The requirements involving the maintenance of buildings are defined in Poland by the Construction Law  and technical and construction regulations in the form of regulations [2, 3]. They ensure that the buildings are used in accordance with their intended purpose and environmental protection requirements and are maintained in a proper technical and esthetic condition. The above regulations specify the requirements for buildings and building envelopes, including such aspects as construction safety, fire safety, protection against moisture and corrosion as well as the issues of thermal insulation. With respect to historical objects with wooden frames, their maintenance is a complex issue which should allow for the selection of proper methods of repair and renovation of the existing structures, combining new materials with the old ones, taking into account their interaction and respect for historical substance. It is important to consider appropriate performance of wood as a construction material, hygrothermal condition of building envelopes (including also the adaptations of the objects to newly introduced utility functions) as well as their durability and quality of the façade. The performance of historical objects is significantly affected by the issues related to building physics: the influence of internal or external climate, the arrangement of envelope layers in terms of diffusive, thermal properties or tightness [4, 5, 6, 7, 8]. All plans to undertake repair, modernization or renovation works, also as part of comprehensive revitalization projects for areas with historical buildings, should be proceeded by a detailed examination of the existing condition, along with the assessment of humidity conditions of the envelopes. Planned corrective measures should be verified on the basis of available computer simulation methods, e.g. in terms of coupled heat and mass transfer, heat capacity and other [9, 10, 11, 12], taking into account the presence of construction salts in brick wall materials .
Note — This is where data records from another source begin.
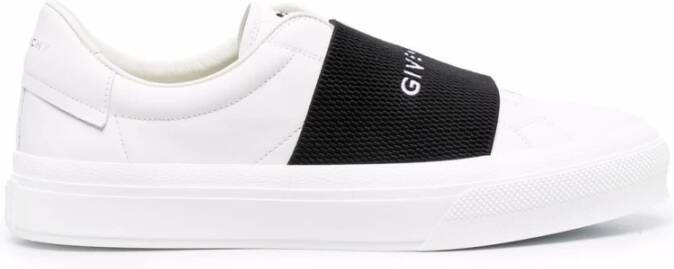 Givenchy Witte Sneakers Elastische Band Casual Stijl White Heren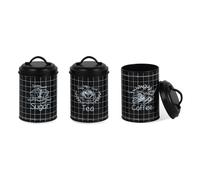Storage Containers Kitchen Set 3 PCS Jar Metal Sugar Coffee Tea Decorative Gift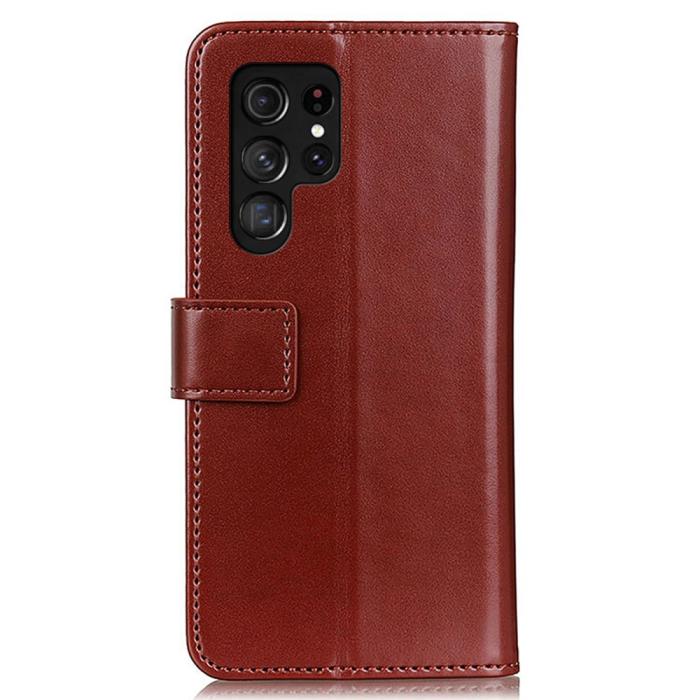 Bild 3,  Samsung Galaxy S22 Ultra Fodral Tri-Color Brun - Teknikhallen.se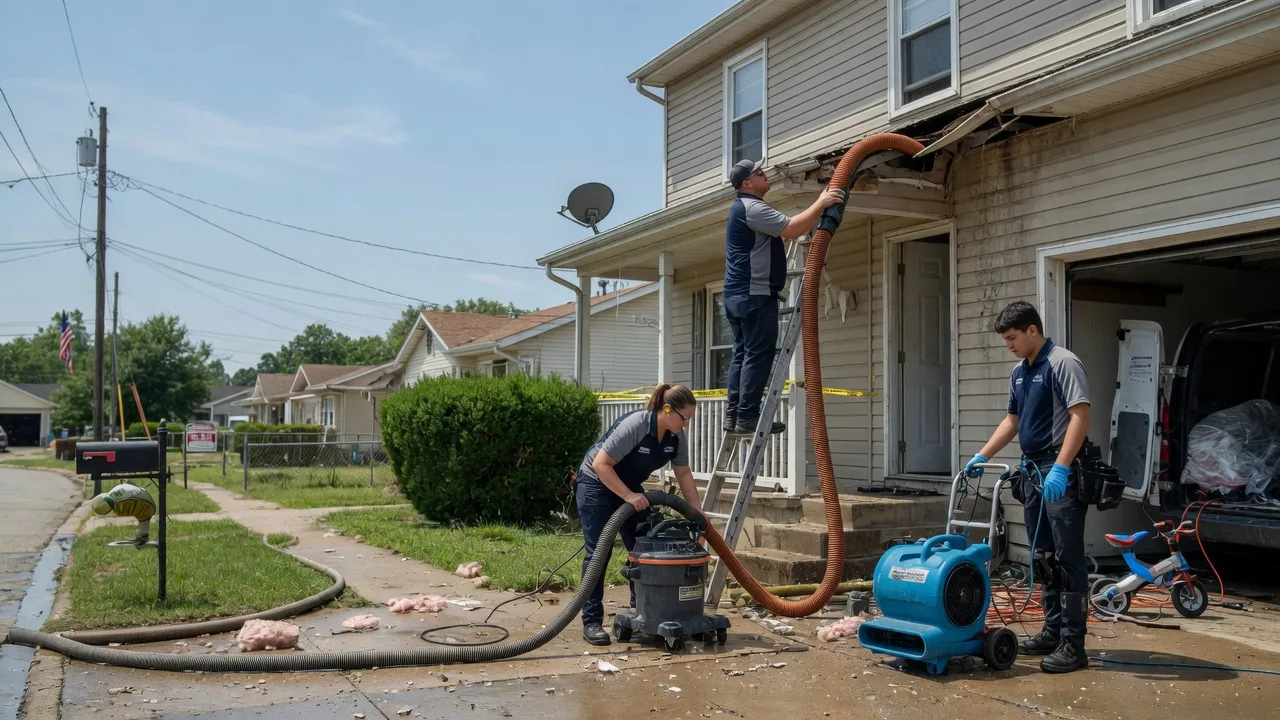 Water Damage Restoration in Matherville, IL near me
When considering objects which are subjected to renovation measures, a special attention should be given to buildings with inhomogeneous wall structures, e.g. frame structures, mullion-transom walls with clay filling of the frame and the so-called Prussian walls with brick filling.
The publication provides examples of historical buildings made from Prussian wall, found in the Silesia region, emphasizing diverse structure of their external envelopes and elements of architectural detail. Exemplary results of theoretical analyses and in-situ research involving the determination of preservation condition of building elements have been presented in terms of hygrothermal problems. Methods for their renovation have been proposed in order to reduce heat loss and the risk of surface condensation expressed by the factor fRsi.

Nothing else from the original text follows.